NORMA has the advantage of being much more similar to modern architectures than the Turing machine or the lambda calculus. It is a machine with infinite registers capable of holding naturals of infinite size (though it can be proven that only two registers are needed for Turing-completeness), and an instruction set with two operations (incrementing and decrementing a register) and one test (check whether a register is zero). Programs for NORMA can be represented in many equivalent ways; we shall choose to represent them as a set of the following commands:
|(label, inc, reg, next)||Increments the register reg and jumps to the label next|
|(label, dec, reg, next)||Decrements the register reg and jumps to the label next|
|(label, zerop, reg, iftrue, iffalse)||If reg is zero, jumps to iftrue; otherwise, jumps to iffalse|
Each program command must have a unique label. Execution begins with the command labeled main, and finishes when a jump is made to a non-existing label (we shall use end for this purpose).
Registers can be mapped to hats, initialized to contain a 0 in their argument stack.
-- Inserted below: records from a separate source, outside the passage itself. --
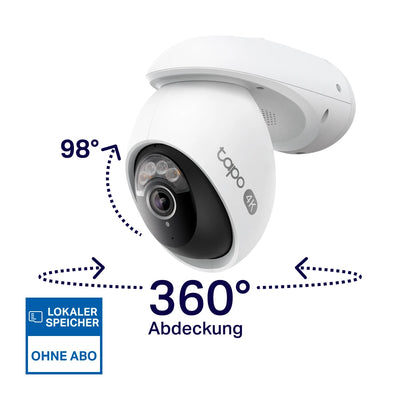 4K 8MP 360° Outdoor Kamera mit Wi-Fi 6 & Ethernet (kein PoE) | Tapo C560WS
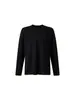Camiseta básica de hombro normal, manga larga a prueba de tres (agua, aceite, suciedad), color básico, adecuada para ir al trabajo, cuello redondo, manga larga, fitness, deportes, casual, top unisex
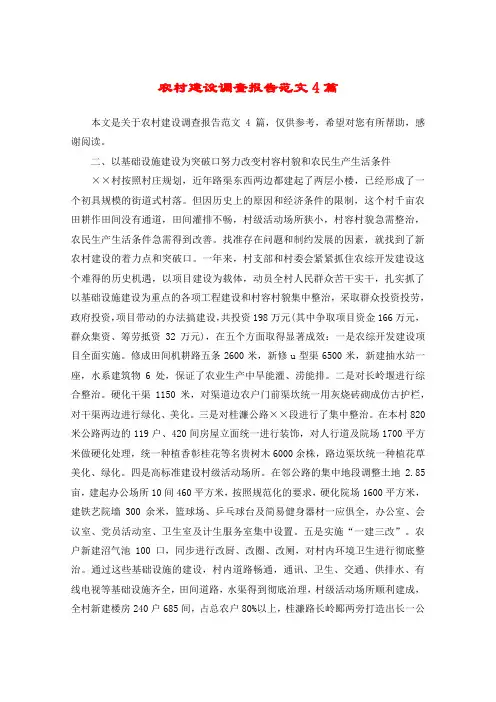 农村建设调查报告范文4篇
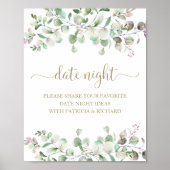 Greenery Vrijgezellenfeest Date Night Jar Sign Poster (Voorkant)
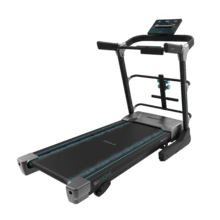 DrumFit WayHome 1800 Runner Sprint Cinta de correr plegable con potencia de 2200 W. De 1 a 18 Km/h. 12 programas predefinidos. Panel de control LCD. Superficie de carrera de 133x46 cm con amortiguación. Sistema de inclinación manual y sistema de plegado vertical automático. Mancuernas y barra para abdominales. Plegable, con ruedas de transporte, pulsómetro, sistema de seguridad magnético y soporte para botella y dispositivos.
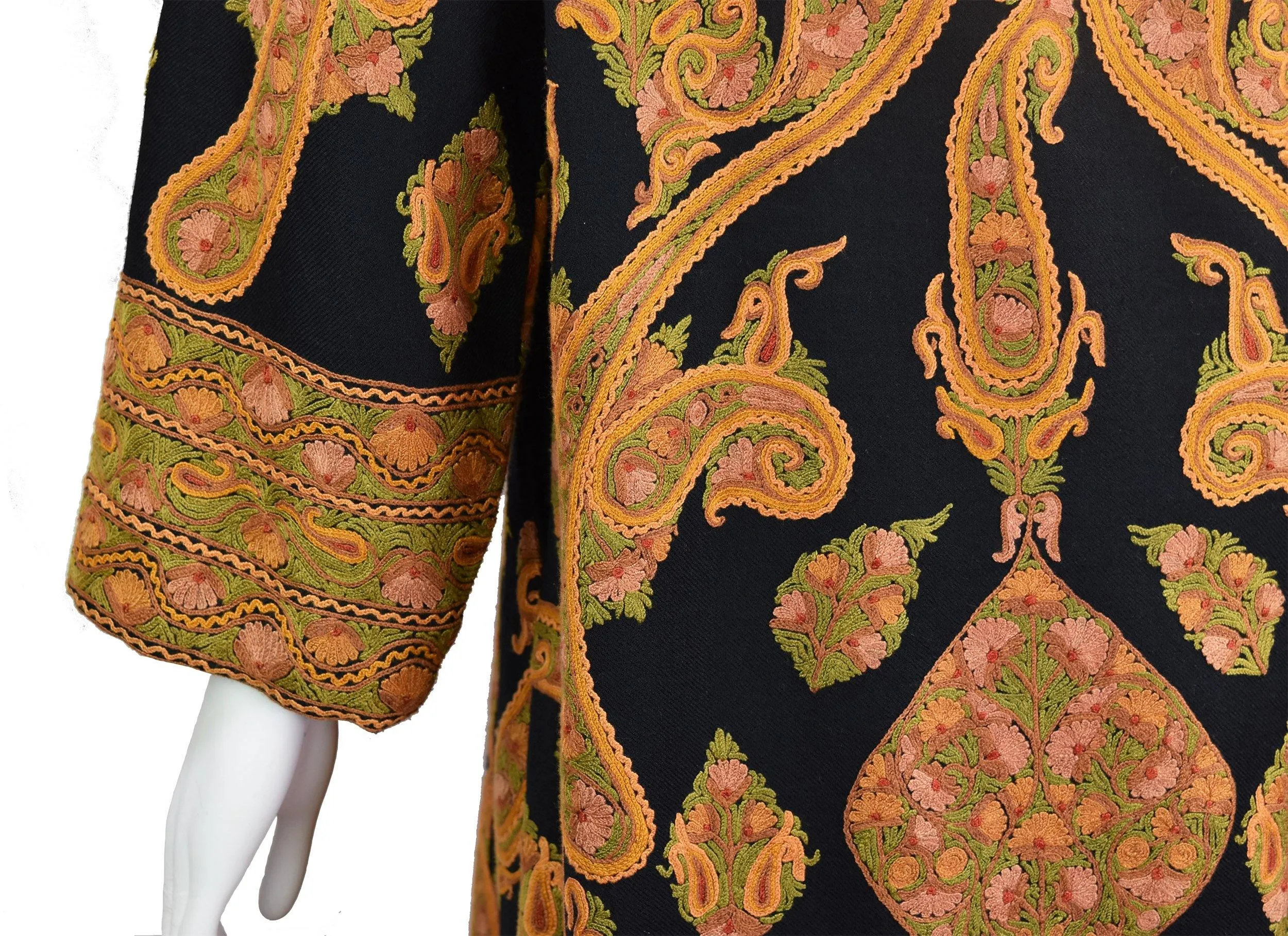 Hera Paisley Cashmere Jacket Dinner Black Evening Dress Coat Hand Embroidered Kashmir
Each program command can be mapped to an individual hat with the same name as the label, whose inmagic performs the corresponding operation. The inmagic can be written as follows:
|(label, inc, reg, next)||reg->[succ->reg]->next|
|(label, dec, reg, next)||reg->[pred->reg]->next|
|(label, zerop, reg, iftrue, iffalse)||reg->[horn->reg]->[[if<-\iftrue]<-\iffalse]->apply<-0|
Jumping to end can be done by doing nothing (which can be accomplished by invoking nop); the stack will be unwound and the program will end.
Of course, this mapping does not result in idiomatic Hatter programs (as much as it makes sense to talk about idiomatic Hatter), and for sufficiently large programs would probably overflow the execution stack, but this is not of concern for the proof. What is of concern is that Hatter values are of fixed size, while NORMA registers can hold any natural. This can be overcome by storing more than one value on each hat, which turns pred, succ and horn in the above mapping into something more complicated. This modification is left as an exercise to the reader.